A dispetto, quindi, del fatto che le vicissitudini del loro amore non siano propriamente originali, Romeo e Giulietta sono due personaggi entrati a pieno titolo nell’immaginario collettivo.
Dire Straits, Čajkovskji, Prokof’ev, Buz Luhrmann e Francesco Hayez sono solo alcuni degli innumerevoli artisti che hanno tratto a piene mani dalla narrazione shakespeariana del loro amore disgraziato.
Schiere di donne attraverso i secoli hanno desiderato almeno una volta di pronunciare le parole di Giulietta e di sentirsi rivolgere quelle di Romeo nella II scena del II atto; la scena del balcone.
Lei affacciata che snocciola i suoi sentimenti alla luna, lui nascosto che ascolta le sue preghiere e le risponde con un voto d’amore indissolubile.
Giulietta: “Romeo, Romeo perché sei Romeo? Rinnega tuo padre e rifiuta il tuo nome. Ovvero, se proprio non vuoi, fa soltanto di legarmi a te con un giramento d’amore ed io non sarò più una Capuleti […] Che cosa c’è poi in un nome? Quel che chiamiamo con il nome di rosa, anche se lo chiamassimo d’un altro nome, serberebbe pur sempre lo stesso dolce profumo. […] Rinunzia dunque al tuo nome Romeo ed in cambio accogli tutta me stessa” […].
Romeo: “Ti prendo in parola: chiamami soltanto amore ed io sarò ribattezzato”.
La passione che trasuda dai versi non può che rimanerci addosso e farci sognare.
Due anime affini, innamoratesi al primo sguardo, che preferiscono mettere fine alle loro vite pur di non trascorrere neanche un minuto di più senza l’altro.
L’amore che unisce Giulietta e Romeo è cieco e totalizzante; risplende di una luce accecante e si spegne rapidamente; come lo stesso Shakespeare fa dire a Frate Lorenzo: “Le gioie violente hanno violenta fine, e muoiono nel loro trionfo, come il fuoco e la polvere da sparo, che si distruggono al primo bacio”.
L’immortalità di questa storia, divenuta ormai la storia d’amore tragica per antonomasia, è dovuta alla capacità di Shakespeare di trascinare il lettore-spettatore in un vortice di forti ed opposte passioni, di voti solenni, di inganni e congiure, stregandolo.
Persino nell’unico fugace momento di spensieratezza dei due personaggi, si coglie l’alone poetico di una imminente e tragica fine.
Giulietta: “Vuoi già partire? Il giorno è ancor lontano: era l’usignolo e non l’allodola, a ferir del suo canto il cavo dell’orecchio tuo trepidante nell’attesa. Esso canta a notte sul quel melograno laggiù. Credilo, amore: era l’usignolo”.
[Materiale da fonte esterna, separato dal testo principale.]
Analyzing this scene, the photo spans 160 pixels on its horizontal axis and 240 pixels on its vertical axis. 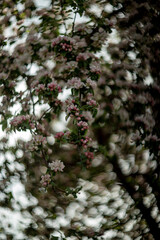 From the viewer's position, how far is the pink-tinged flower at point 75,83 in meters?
1.21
Romeo: “Era l’allodola, l’araldo del mattino; e non già l’usignolo. […] Debbo partire e vivere, o restare e morire”.
Chiudo con le parole del Principe di Verona: “D’una tetra pace è foriero il mattino, e il sole, per l’afflizione, non vorrà mostrare il suo volto. Andate pure, e dibattete ancora fra voi le ragioni di questi tristi casi. Taluni saranno perdonati, puniti talaltri. Perocché non vi fu mai alcuna storia più dolorosa che questa di Giulietta e del suo Romeo”.